As a Fulbright scholar, journalist Akemi Johnson-whose work has been featured on NPR, The Nation, Travel + Leisure, and Anthony Bourdain's Explore Parts Unknown-traveled to Okinawa, one of the biggest outposts of the American military. At the southern end of the Japanese archipelago, Okinawa is host to more U.S. military bases than anywhere else in the country, which itself hosts more U.S. service members than anywhere else in the world. Once an independent kingdom colonized by Japan, Okinawa came under U.S. military rule for over two decades after WW2.

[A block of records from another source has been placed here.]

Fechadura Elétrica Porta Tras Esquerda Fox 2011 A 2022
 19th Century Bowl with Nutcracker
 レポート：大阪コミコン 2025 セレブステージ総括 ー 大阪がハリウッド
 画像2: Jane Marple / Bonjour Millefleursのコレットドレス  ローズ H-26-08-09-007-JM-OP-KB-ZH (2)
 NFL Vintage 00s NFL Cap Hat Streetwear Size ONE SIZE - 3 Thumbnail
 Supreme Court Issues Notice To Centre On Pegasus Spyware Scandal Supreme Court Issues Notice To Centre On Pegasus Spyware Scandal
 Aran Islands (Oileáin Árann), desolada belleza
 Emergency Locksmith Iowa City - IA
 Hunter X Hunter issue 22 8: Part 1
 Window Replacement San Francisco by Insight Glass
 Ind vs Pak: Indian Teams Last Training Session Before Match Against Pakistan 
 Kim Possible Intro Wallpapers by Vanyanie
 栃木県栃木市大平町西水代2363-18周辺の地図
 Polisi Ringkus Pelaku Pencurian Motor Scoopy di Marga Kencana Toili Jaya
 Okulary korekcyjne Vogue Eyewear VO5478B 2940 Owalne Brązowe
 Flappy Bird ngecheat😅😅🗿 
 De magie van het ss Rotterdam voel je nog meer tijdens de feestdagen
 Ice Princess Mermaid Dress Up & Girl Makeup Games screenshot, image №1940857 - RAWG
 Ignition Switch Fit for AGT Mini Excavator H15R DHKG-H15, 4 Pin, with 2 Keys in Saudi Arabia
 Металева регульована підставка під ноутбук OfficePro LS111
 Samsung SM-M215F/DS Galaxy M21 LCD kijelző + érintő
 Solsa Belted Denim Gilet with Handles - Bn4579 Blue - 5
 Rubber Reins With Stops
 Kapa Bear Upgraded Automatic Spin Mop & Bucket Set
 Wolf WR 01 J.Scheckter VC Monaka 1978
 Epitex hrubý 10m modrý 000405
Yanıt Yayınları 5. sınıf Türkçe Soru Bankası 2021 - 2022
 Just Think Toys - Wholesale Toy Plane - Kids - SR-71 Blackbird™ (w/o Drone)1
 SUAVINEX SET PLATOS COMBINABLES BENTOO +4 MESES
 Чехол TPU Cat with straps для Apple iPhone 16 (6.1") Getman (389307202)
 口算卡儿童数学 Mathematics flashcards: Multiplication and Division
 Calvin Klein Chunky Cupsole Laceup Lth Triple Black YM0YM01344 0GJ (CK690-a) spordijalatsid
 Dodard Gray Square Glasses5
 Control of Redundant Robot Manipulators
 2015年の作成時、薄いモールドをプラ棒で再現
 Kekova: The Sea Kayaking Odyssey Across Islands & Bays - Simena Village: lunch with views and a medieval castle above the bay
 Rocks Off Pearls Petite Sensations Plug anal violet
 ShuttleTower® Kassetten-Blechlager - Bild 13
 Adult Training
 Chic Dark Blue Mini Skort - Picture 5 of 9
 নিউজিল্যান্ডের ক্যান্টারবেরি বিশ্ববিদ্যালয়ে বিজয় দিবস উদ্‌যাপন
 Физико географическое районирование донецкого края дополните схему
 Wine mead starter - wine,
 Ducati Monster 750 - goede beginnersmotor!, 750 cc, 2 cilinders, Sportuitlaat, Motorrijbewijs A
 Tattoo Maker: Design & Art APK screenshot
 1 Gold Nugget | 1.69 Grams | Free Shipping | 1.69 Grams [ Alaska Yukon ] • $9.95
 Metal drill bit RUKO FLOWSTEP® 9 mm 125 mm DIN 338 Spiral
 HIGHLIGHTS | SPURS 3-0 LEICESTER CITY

In her poignant debut, Akemi Johnson in NIGHT IN THE AMERICAN VILLAGE: Women in the Shadow of the U.S. Military Bases in Okinawa illuminates the island's complex melting pot of native Okinawan, Japanese, and American cultures where the ripple effects of empire (both Japanese and American) have had sometimes fatal consequences. During Johnson's time immersed there, Okinawa reeled from the rape and murder of twenty-year-old Rina Shimabukuro by an American ex-marine. The crime added to the growing schism between Tokyo and Okinawa, fueled anti-base protests, and helped reveal a long history of military sexual violence.
Johnson masterfully blends the history of the "keystone of the Pacific" with first-person interviews with present-day women on the island, U.S. military service members, and anti-base activists. As she investigates the subtle layers of sexualization, feminization, and racism baked into Okinawa's borderlands culture, she finds the women of Okinawa have had a complex relationship with the military, both Japanese and American. During World War II, some women were persuaded to take their own lives by the Japanese military as U.S. forces approached; many were among the 120,000 locals kept in U.S.-run refugee camps for years while their homes were destroyed to make way for U.S. military bases; and in postwar years, an alarming number have become the targets of U.S. military sexual violence. Yet, most women have been far from victims, Johnson finds. Many local women actively benefit from and encourage the U.S. military presence, and when under threat they organize and protest against the American bases, fearlessly indicting both the United States and Japan in the process.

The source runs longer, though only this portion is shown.